**Your assignment:**
Each line below from the one containing "1980 Jeep CJ7" through the one containing "VASE 110MM KLAR" is to be given again exactly, and no line outside that span.

**Recorded information:**
---
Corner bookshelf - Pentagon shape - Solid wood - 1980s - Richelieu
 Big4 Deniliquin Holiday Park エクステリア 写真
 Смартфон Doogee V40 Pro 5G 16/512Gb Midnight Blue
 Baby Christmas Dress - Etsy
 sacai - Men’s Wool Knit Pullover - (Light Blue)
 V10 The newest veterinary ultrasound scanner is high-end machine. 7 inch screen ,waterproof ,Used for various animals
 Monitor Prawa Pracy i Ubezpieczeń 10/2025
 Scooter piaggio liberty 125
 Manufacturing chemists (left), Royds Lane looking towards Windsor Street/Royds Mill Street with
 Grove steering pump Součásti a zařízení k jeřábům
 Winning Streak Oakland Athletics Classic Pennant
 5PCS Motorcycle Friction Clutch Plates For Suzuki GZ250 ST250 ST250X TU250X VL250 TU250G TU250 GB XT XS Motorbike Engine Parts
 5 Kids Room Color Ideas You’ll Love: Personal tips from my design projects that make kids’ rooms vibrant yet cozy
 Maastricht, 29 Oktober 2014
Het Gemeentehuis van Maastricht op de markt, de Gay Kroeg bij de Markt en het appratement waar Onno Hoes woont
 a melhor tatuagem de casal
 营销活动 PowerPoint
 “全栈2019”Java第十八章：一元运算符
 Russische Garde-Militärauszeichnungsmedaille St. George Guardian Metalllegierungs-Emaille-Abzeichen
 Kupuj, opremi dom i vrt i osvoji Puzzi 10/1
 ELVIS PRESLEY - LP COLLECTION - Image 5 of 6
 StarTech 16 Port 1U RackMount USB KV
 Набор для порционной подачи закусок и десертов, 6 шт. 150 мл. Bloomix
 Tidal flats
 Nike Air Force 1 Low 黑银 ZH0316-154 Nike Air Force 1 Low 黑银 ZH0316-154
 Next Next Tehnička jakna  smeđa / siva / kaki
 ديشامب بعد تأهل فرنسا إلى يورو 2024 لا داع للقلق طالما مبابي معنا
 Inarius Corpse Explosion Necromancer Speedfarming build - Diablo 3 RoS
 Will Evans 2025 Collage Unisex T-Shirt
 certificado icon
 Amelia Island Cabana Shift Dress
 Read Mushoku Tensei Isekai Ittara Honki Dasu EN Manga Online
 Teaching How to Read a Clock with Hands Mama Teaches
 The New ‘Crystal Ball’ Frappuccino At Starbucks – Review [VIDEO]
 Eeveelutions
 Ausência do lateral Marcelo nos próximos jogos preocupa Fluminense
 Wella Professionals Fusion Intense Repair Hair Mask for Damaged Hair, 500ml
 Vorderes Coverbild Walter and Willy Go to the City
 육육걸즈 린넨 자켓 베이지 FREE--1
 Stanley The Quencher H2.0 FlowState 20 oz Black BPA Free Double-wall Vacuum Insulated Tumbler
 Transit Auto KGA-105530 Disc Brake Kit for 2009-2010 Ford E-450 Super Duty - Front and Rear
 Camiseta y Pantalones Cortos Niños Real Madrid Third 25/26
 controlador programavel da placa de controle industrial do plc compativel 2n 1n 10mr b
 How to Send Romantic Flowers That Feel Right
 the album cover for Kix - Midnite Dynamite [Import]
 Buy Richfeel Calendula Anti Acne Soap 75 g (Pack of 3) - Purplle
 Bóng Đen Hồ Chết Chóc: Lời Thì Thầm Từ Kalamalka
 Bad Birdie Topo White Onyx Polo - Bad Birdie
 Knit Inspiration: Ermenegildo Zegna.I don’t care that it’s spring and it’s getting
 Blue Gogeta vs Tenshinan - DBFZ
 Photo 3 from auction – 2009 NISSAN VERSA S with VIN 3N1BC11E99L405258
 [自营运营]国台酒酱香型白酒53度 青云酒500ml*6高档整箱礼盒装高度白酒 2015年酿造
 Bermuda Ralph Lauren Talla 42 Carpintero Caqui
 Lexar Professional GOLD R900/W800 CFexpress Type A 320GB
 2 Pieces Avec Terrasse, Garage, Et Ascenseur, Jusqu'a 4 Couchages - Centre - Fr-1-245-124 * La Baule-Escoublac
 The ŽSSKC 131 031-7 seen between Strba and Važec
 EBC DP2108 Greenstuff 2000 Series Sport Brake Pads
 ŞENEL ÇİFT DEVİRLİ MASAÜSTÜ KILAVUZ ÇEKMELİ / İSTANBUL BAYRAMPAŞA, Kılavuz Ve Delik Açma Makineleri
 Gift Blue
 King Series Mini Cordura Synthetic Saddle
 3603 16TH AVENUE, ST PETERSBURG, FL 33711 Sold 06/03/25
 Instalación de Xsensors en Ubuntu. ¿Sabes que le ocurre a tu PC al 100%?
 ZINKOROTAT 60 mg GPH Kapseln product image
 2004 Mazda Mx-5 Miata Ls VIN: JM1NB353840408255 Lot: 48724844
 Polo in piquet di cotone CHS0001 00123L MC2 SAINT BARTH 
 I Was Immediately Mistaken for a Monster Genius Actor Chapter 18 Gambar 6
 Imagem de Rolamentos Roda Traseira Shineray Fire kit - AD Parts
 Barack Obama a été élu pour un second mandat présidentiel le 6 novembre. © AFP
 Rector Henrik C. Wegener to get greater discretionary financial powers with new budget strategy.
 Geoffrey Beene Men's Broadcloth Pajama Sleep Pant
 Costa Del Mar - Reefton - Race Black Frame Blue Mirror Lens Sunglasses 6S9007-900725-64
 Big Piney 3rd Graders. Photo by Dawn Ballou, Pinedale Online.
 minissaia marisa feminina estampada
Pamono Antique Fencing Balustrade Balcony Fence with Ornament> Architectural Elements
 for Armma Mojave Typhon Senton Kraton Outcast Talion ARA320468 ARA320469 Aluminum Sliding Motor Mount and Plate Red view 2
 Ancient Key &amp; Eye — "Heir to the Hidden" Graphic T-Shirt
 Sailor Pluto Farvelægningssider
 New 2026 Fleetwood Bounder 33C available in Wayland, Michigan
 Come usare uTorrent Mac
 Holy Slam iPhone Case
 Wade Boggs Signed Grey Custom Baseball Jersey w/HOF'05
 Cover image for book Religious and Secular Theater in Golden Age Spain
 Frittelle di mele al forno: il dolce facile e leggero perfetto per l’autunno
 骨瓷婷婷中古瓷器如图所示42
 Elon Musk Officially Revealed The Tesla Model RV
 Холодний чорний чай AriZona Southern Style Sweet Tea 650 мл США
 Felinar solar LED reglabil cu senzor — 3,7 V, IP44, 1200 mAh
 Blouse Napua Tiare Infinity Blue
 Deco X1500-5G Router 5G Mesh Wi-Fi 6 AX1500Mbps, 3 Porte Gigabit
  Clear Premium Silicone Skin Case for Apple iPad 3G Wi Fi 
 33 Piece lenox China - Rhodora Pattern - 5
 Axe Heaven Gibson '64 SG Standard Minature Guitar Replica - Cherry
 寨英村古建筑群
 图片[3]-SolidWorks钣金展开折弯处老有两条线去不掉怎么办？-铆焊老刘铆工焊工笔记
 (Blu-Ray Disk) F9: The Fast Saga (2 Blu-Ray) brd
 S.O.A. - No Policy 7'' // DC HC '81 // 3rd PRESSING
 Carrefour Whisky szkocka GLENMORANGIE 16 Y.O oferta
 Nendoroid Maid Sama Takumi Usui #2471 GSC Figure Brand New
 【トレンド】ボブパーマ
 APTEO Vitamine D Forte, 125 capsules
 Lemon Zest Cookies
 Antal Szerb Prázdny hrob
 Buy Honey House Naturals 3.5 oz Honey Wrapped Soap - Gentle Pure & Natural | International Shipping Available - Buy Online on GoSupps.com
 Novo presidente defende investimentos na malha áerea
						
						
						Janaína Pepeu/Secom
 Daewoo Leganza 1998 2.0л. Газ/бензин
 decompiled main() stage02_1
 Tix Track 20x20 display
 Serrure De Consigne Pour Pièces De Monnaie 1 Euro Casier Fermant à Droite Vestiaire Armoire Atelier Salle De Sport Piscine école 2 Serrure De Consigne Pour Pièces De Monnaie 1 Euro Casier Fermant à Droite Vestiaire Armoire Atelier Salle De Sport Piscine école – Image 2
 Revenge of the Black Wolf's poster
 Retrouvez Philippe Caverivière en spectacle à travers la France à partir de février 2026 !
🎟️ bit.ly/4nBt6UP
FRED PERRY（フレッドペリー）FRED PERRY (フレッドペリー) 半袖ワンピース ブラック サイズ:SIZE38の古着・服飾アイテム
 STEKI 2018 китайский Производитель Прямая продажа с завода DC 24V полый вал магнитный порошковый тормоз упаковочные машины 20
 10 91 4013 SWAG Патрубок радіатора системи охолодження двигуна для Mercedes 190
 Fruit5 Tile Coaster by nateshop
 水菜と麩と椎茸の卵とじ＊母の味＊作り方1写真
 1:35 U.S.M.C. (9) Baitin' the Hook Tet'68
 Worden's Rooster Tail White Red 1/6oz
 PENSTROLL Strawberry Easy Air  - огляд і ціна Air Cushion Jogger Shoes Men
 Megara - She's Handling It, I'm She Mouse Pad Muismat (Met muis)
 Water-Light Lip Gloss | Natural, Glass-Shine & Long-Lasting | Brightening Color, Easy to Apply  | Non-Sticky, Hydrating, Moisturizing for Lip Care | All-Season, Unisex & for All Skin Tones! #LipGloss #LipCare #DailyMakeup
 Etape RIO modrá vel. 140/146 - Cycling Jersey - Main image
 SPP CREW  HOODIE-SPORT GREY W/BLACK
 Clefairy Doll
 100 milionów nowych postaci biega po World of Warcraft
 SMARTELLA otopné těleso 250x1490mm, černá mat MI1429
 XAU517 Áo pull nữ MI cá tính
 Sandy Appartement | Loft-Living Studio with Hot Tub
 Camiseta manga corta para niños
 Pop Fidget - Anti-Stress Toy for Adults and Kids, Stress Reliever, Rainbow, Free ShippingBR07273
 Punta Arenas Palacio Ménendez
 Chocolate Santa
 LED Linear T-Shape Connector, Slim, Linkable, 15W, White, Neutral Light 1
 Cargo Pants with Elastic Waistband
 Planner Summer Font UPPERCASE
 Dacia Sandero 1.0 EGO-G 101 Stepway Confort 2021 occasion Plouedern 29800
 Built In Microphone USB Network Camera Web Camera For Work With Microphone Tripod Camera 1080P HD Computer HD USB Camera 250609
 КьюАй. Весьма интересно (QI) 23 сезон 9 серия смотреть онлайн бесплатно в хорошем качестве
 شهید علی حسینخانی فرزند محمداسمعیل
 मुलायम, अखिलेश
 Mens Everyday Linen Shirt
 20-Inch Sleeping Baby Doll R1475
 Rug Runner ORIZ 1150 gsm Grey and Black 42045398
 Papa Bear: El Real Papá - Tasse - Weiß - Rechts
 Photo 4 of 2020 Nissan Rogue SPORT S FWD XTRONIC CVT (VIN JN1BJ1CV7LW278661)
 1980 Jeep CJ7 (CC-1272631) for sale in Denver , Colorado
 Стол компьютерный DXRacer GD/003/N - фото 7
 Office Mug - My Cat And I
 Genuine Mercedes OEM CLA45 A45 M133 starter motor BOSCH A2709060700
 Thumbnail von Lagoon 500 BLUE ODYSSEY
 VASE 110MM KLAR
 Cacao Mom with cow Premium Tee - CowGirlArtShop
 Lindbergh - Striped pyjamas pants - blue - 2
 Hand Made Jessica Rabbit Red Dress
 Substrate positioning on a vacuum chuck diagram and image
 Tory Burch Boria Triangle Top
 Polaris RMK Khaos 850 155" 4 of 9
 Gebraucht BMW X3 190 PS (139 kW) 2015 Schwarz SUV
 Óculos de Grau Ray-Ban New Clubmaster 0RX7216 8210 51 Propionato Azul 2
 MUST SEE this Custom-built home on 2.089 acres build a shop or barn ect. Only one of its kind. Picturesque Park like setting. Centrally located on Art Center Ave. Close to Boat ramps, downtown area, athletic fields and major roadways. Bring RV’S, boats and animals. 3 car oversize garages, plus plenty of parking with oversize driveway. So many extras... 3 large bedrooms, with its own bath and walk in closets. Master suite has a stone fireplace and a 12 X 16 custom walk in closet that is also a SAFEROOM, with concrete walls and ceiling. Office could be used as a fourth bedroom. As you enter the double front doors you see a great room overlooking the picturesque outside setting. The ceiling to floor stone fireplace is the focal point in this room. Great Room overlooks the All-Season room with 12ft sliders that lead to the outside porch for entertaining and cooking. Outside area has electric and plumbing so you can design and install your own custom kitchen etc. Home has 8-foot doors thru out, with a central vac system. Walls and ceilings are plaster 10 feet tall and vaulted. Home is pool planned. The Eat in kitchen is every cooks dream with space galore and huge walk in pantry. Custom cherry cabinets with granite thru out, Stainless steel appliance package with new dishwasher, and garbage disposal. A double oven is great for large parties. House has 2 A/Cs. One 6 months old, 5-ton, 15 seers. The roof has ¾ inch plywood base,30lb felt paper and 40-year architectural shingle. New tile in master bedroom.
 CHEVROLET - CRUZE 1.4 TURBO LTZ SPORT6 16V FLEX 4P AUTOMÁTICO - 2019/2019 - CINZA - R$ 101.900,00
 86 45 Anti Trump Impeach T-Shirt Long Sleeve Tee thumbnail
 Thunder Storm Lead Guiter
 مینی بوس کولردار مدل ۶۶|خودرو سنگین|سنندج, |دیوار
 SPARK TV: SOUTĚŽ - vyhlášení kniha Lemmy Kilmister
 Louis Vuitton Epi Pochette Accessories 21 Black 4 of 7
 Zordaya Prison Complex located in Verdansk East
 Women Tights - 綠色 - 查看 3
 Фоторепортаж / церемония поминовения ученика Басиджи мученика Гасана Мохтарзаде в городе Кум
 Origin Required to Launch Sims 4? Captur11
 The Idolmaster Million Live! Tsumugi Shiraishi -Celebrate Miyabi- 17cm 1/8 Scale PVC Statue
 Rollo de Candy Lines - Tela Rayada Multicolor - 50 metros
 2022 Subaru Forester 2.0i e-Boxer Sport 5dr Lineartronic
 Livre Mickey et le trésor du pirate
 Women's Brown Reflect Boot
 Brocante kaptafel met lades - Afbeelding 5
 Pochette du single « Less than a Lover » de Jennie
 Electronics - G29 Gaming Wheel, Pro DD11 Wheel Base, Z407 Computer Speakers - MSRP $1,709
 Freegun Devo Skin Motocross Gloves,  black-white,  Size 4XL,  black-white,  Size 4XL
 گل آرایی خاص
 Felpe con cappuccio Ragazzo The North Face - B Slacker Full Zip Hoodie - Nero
---
**Reply to the exercise:**
 1980 Jeep CJ7 (CC-1272631) for sale in Denver , Colorado
 Стол компьютерный DXRacer GD/003/N - фото 7
 Office Mug - My Cat And I
 Genuine Mercedes OEM CLA45 A45 M133 starter motor BOSCH A2709060700
 Thumbnail von Lagoon 500 BLUE ODYSSEY
 VASE 110MM KLAR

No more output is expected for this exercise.